What you should do> Exactly as written, write out the lines below from the first to the one containing "Moderne Außenwandleuchte schwarz", inclusive. Pictures do not belong in the copy.

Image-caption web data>
· · · ·
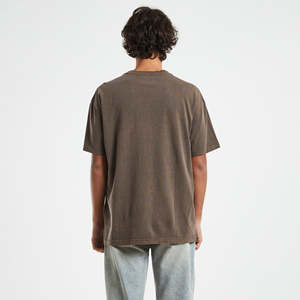 T-shirt à col rond à manches courtes en coton épais pour hommes T-shirt personnalisé de fitness jogging 220GSM pour hommes - Product Image 5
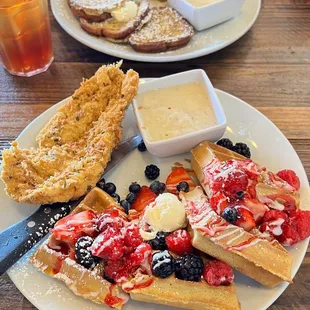 Chicken &amp; waffles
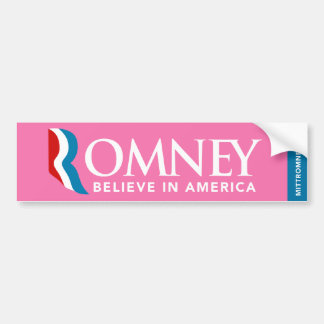 Mitt Romney Logo gelooft in de Amerikaanse Bumpers Bumpersticker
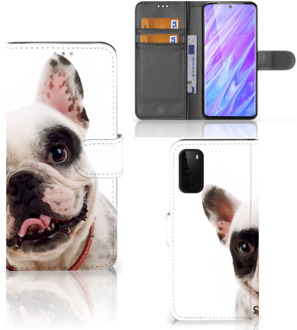 B2Ctelecom Book Case Samsung Galaxy S20 Telefoonhoesje met Pasjes Franse Bulldog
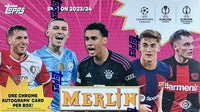 2023-24 Topps UEFA Club Competitions Merlin Chrome Soccer Hobby Box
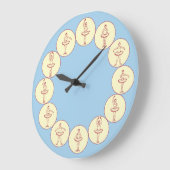 バレエ位置 ラージ壁時計 (傾斜)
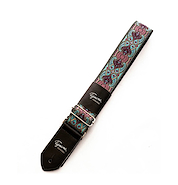 TIJUANA JAC D-02/ Cinta jacquard hindú negro y rosa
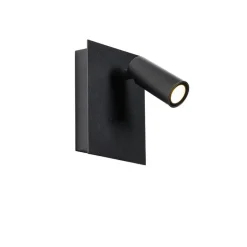 Moderne Außenwandleuchte schwarz inkl. LED IP54 - Simon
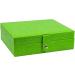 Leather 7 Day AM/PM Pill Organizer - Green | International Shipping Available - Buy Online on GoSupps.com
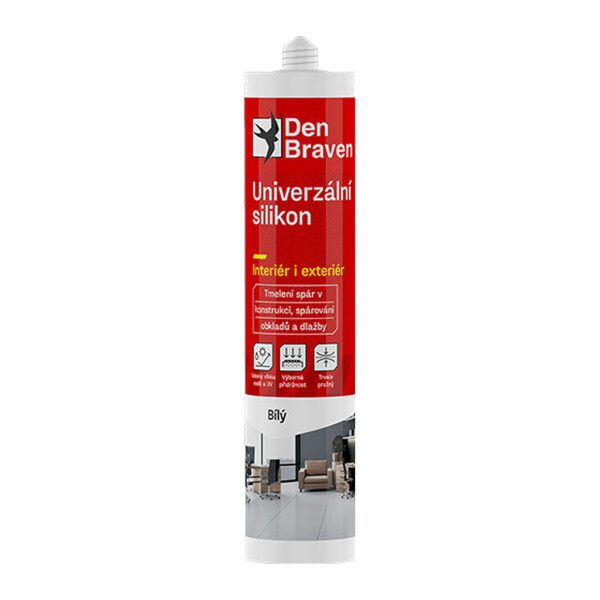 Den Braven 30122RL - Univerzálny silikón 280 ml kartuša biela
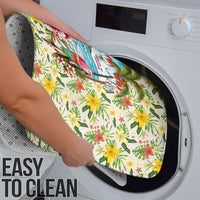 Hawaiian Piko Threads Of Paradise Aloha Bathroom Set Tropical Hibiscus Plumeria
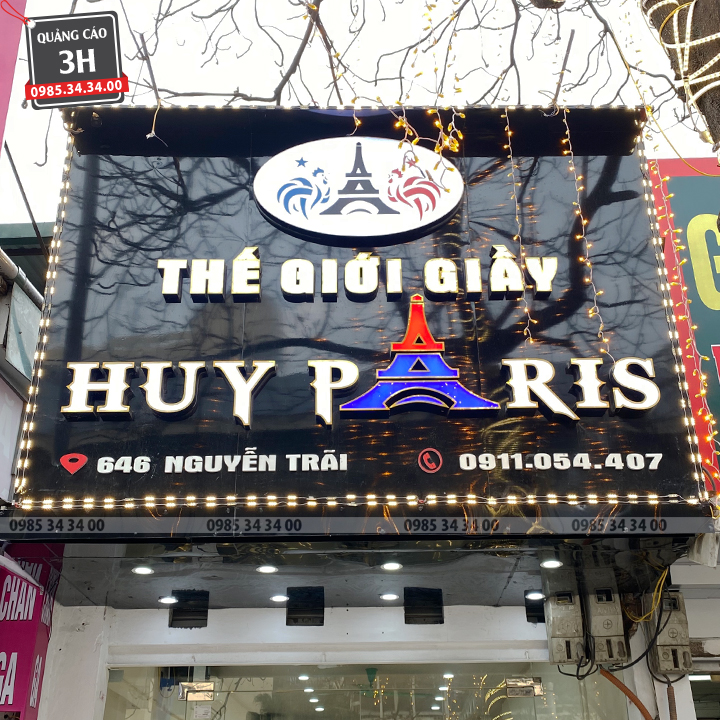 mẫu biển quảng cáo thế giới giày dép đẹp nhất hiện nay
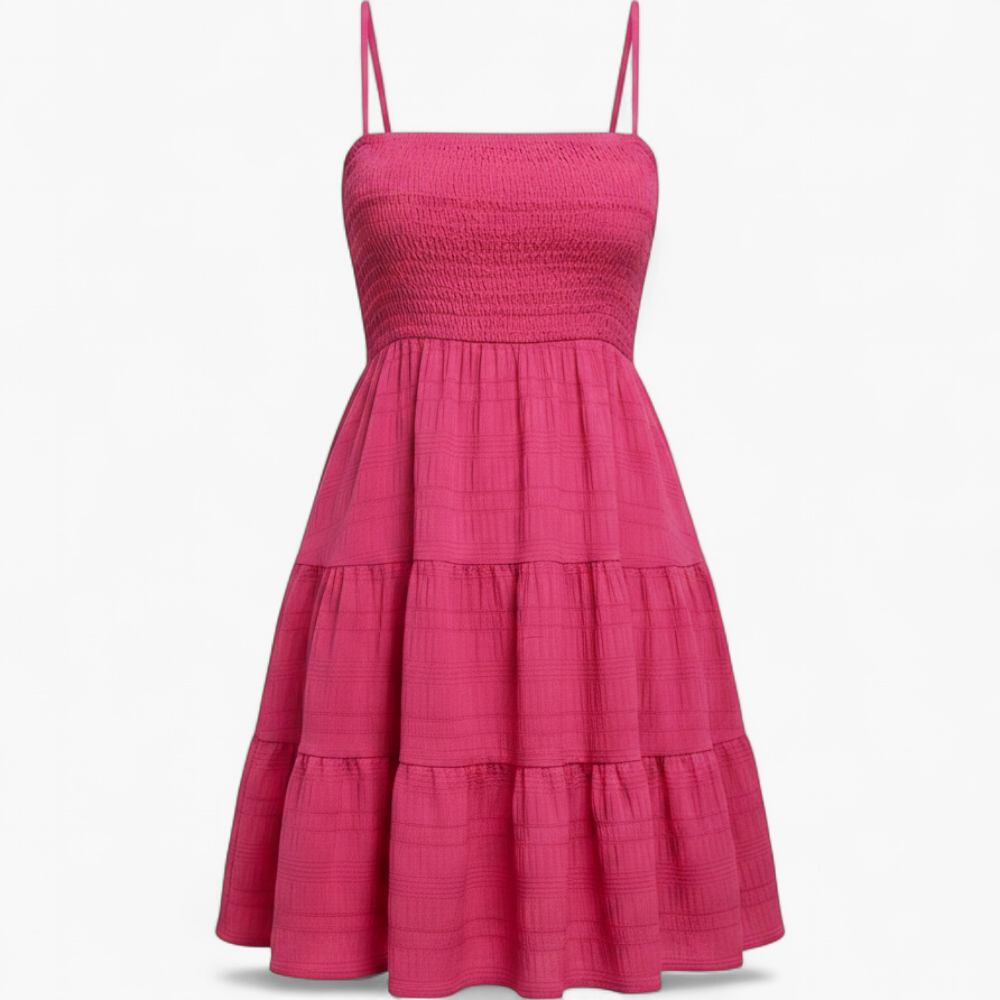 Vestido Fruncido - Fucsia - producto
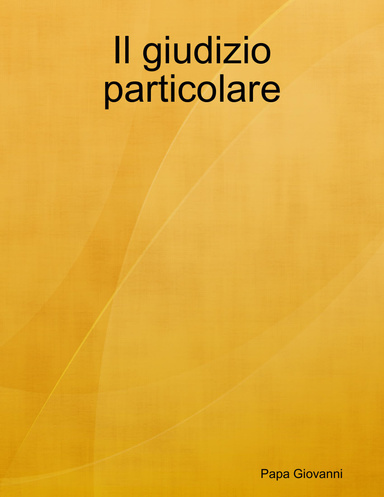 Il giudizio particolare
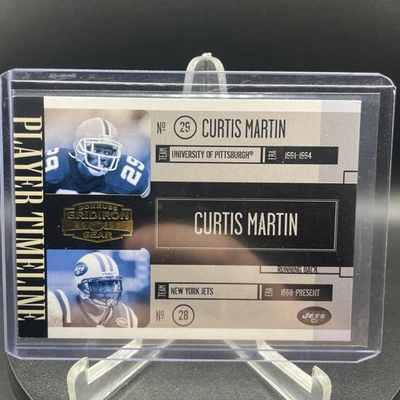 2006 Gridiron Gear PLAYER TIMELINE GOLD # PT-35 Curtis Martin NY JETS /500 HOF  - Image 1 of 2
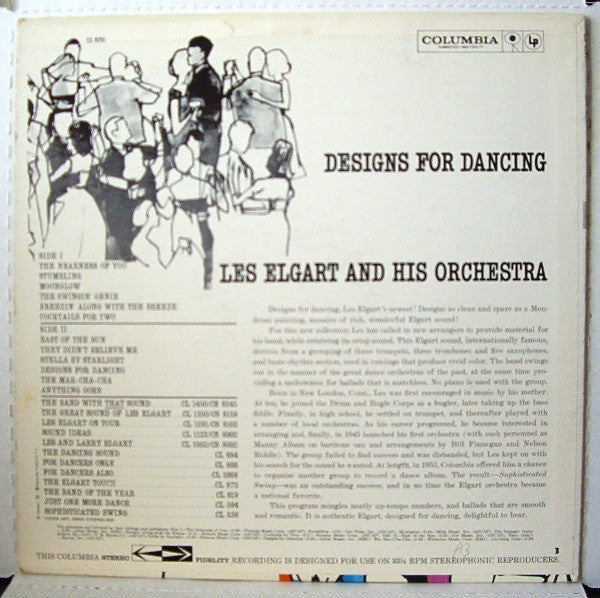 Les Elgart And His Orchestra : Designs For Dancing (LP)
· · · ·
Result below>
 T-shirt à col rond à manches courtes en coton épais pour hommes T-shirt personnalisé de fitness jogging 220GSM pour hommes - Product Image 5
 Chicken &amp; waffles
 Mitt Romney Logo gelooft in de Amerikaanse Bumpers Bumpersticker
 B2Ctelecom Book Case Samsung Galaxy S20 Telefoonhoesje met Pasjes Franse Bulldog
 2023-24 Topps UEFA Club Competitions Merlin Chrome Soccer Hobby Box
 バレエ位置 ラージ壁時計 (傾斜)
 TIJUANA JAC D-02/ Cinta jacquard hindú negro y rosa
 Moderne Außenwandleuchte schwarz inkl. LED IP54 - Simon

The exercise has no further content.